Create anchor links in Twitter status text with JavaScript

Note: This also applies to any service using a Twitter-compatible API, such as StatusNet (see: identi.ca) with some minor configuration changes.

As a side project, I have been working on a StatusNet (specifically, identi.ca) status feed widget for the WordPress PHP platform. I had spent a fair amount of my time trying to convert the various tokens (such as @mentions, #hashtags, and URLs—both with and without a protocol prefix) into clickable links when I realized that StatusNet, being the cool folks that they are, provide HTML-rendered versions of status posts through their API. However, my work hasn’t been for naught! Twitter uses an incredibly similar API—or rather, StatusNet’s API is similar to/based off of Twitter’s API—but does not provide HTML-rendered versions of the status posts (to my knowledge). With this in mind, I’ve re-engineered the code to accept options for pointing the various token URLs to the particular service—whatever it may be.

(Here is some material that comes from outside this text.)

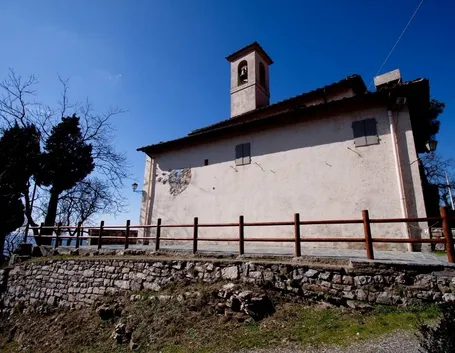 canile sesto fiorentino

Originally, this began as a PHP project to leverage the power of WordPress widgets. That project is still in the works (sort of), but I figured a JavaScript implementation might be a more friendly, broadly-distributable incarnation of the process. I ran into a bit of a snag, however, as JavaScript does not (universally) support negative look-behind constructs in its regular expressions engine. Based on some suggestions for emulating negative look-behind functionality in JavaScript I found online, I was able to take my preg_replace_all calls in PHP and convert them into JavaScript-compatible regular expression patterns for use with String.replace (with some callback magic peppered in).

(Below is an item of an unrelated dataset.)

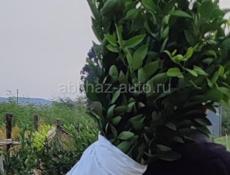 Саженцы ранних мандарин, кункван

Next to the configuration values at the top of the function block are suggested values for integrating with identi.ca (rather than Twitter).

JavaScript code:

// Convert URLs (w/ or w/o protocol), @mentions, and #hashtags into anchor links
function twitterLinks(text)
{
	var base_url = 'http://twitter.com/';	// identica: 'http://identi.ca/'
	var hashtag_part = 'search?q=#';		// identica: 'tag/'
	// convert URLs into links
	text = text.replace(
		/(>|<a[^<>]+href=['"])?(https?:\/\/([-a-z0-9]+\.)+[a-z]{2,5}(\/[-a-z0-9!#()\/?&.,]*[^ !#?().,])?)/gi,
		function($0, $1, $2) {
			return ($1 ? $0 : '<a href="' + $2 + '" target="_blank">' + $2 + '</a>');
		});
	// convert protocol-less URLs into links		
	text = text.replace(
		/(:\/\/|>)?\b(([-a-z0-9]+\.)+[a-z]{2,5}(\/[-a-z0-9!#()\/?&.]*[^ !#?().,])?)/gi,
		function($0, $1, $2) {
			return ($1 ? $0 : '<a href="http://' + $2 + '">' + $2 + '</a>');
		});
	// convert @mentions into follow links
	text = text.replace(
		/(:\/\/|>)?(@([_a-z0-9\-]+))/gi,
		function($0, $1, $2, $3) {
			return ($1 ? $0 : '<a href="' + base_url + $3
				+ '" title="Follow ' + $3 + '" target="_blank">@' + $3
				+ '</a>');
		});
	// convert #hashtags into tag search links
	text = text.replace(
		/(:\/\/[^ <]*|>)?(\#([_a-z0-9\-]+))/gi,
		function($0, $1, $2, $3) {
			return ($1 ? $0 : '<a href="' + base_url + hashtag_part + $3
				+ '" title="Search tag: ' + $3 + '" target="_blank">#' + $3
				+ '</a>');
		});
	return text;
}

Please forgive the lack of syntax highlighting in the pasted code; SyntaxHighlighter does not deal well with inline regular expression strings (such as those used in the .replace function calls). Since the syntax highlighting it was capable of in this scenario actually made it more difficult to read, I opted for no highlighting at all.

As for the function itself… well, you can’t argue with results! The replacement pattern is smart enough that it won’t include trailing punctuation in the URL. “Try something.com. It’s great.” will only match “something.com”, and not “something.com.”—the period as punctuation is separated from the URL. The same goes for commas, exclamation points, etc., and the logic applies congruently to URLs with a protocol prefix and those without (i.e., “http://something.com” versus “something.com”). Additionally, the pattern will leave previously-converted links untouched (i.e., the pattern will not see “#anchor” as a hashtag in “http://something.com/index.php#anchor”).

Once I finish up with the WordPress status feed widget, I will post a PHP equivalent for this function. This JavaScript code, however, will likely become the “client-side only” implementation if server-side vs. client-side rendering is offered as a configuration option.


Update: The PHP version is finished.